I just built my new server PC and installed windows server 2003. 

The problem I get is when I am on the server (not my computer), I try to copy a large file/folder from my computer to the server, and it times out (like 300mb+, anything under generally goes through without probs).

The strange thing is though, if I send data from the server to my computer (just tested an 800mb folder), it goes through without hassles.

(ALL by operating on the server computer, my computer remains untouched, just powered on to access the drives)

Just a bit of a background, I have installed a gigabit network card into the server via PCI. When I use the onboard 10/100 network, there are no timeouts. I figure its some sort of a setting (doubt its a firewall, esp seeing as it works fine with the onboard 10/100)

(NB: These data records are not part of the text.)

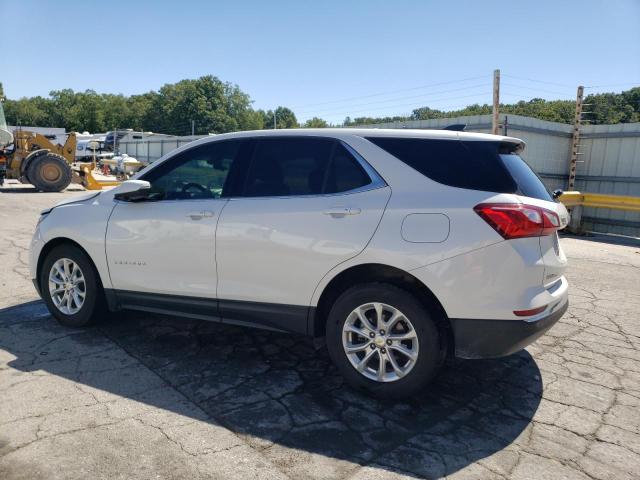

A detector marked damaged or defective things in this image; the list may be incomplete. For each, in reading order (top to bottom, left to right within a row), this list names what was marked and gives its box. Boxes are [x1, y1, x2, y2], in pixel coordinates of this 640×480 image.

cracked asphalt [1, 182, 640, 478]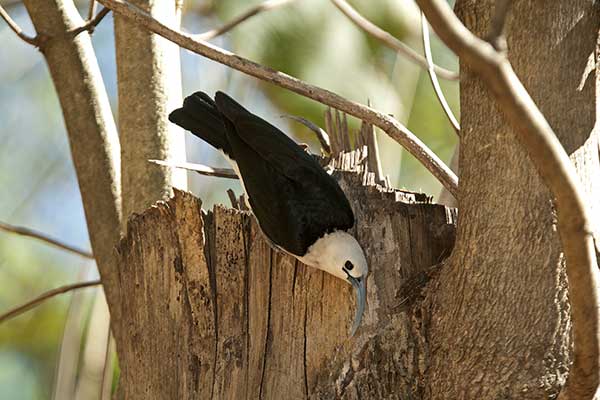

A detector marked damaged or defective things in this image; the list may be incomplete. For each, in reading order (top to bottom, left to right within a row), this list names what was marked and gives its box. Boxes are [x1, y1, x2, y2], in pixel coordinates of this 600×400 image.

splintered wood [115, 161, 458, 398]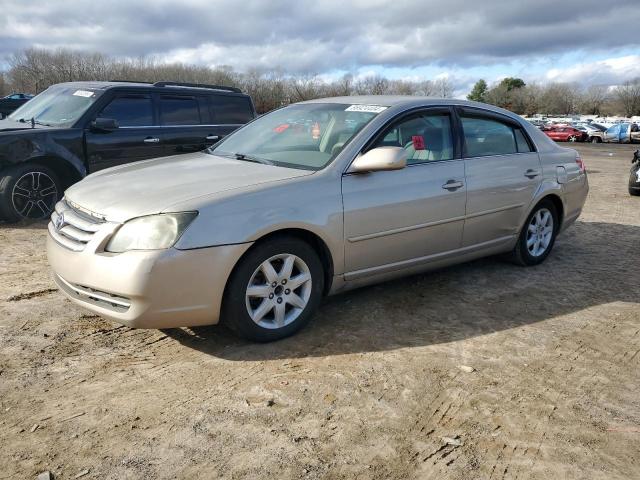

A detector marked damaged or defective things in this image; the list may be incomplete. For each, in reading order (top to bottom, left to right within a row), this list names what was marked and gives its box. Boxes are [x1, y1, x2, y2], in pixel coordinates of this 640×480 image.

damaged vehicle [0, 81, 255, 223]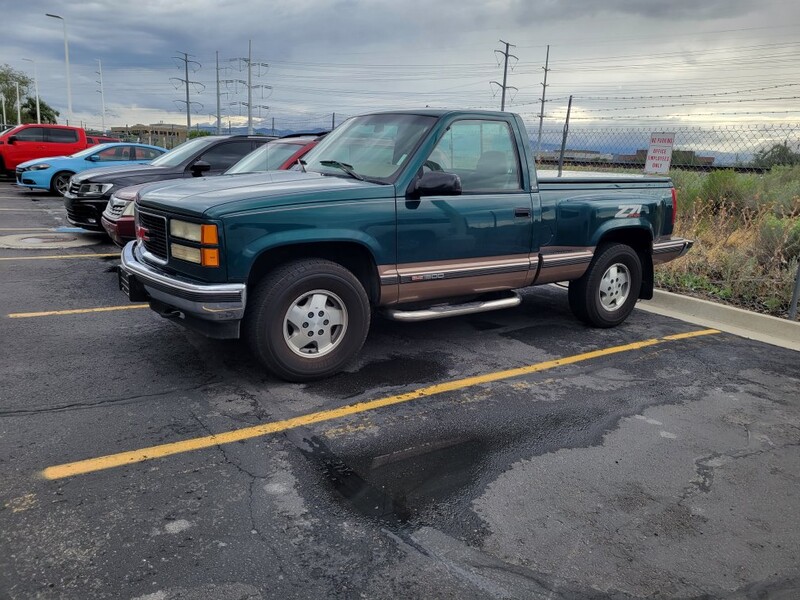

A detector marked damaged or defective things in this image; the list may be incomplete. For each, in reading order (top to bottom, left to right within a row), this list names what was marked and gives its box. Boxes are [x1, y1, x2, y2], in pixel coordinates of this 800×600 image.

cracked pavement [1, 180, 800, 596]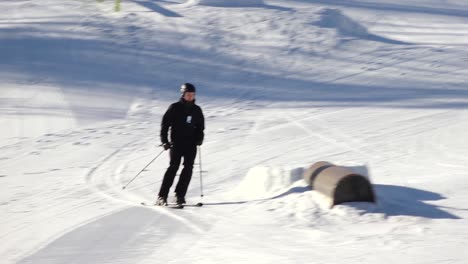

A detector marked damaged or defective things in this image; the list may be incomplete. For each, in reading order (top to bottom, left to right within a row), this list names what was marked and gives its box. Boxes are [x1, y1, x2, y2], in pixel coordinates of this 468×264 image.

rusty metal barrel [304, 162, 376, 207]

The timeout message is something along the lines of: "Can't find the network anymore" (even though the network is still up and running)

Thanks in adv


----------



## Pinchy (Apr 11, 2008)

EDIT - All fixed!

Just had to update the driver of the network card to some beta driver which modders created ...Just sent 7GB with no hassles.

Mods: you know what to do


----------



## Deleted member 3 (Apr 11, 2008)

Pinchy said:


> Mods: you know what to do



Ban you?


----------



## Steevo (Apr 11, 2008)

No, bad DAN, BAD!!!!!! Now go to your corner.


----------



## Pinchy (Apr 12, 2008)

DanTheBanjoman said:


> Ban you?






Steevo said:


> No, bad DAN, BAD!!!!!! Now go to your corner.



LOL

Now thats something random to wake up to in the morning..


....hang on a sec, why cant I post anymore .


----------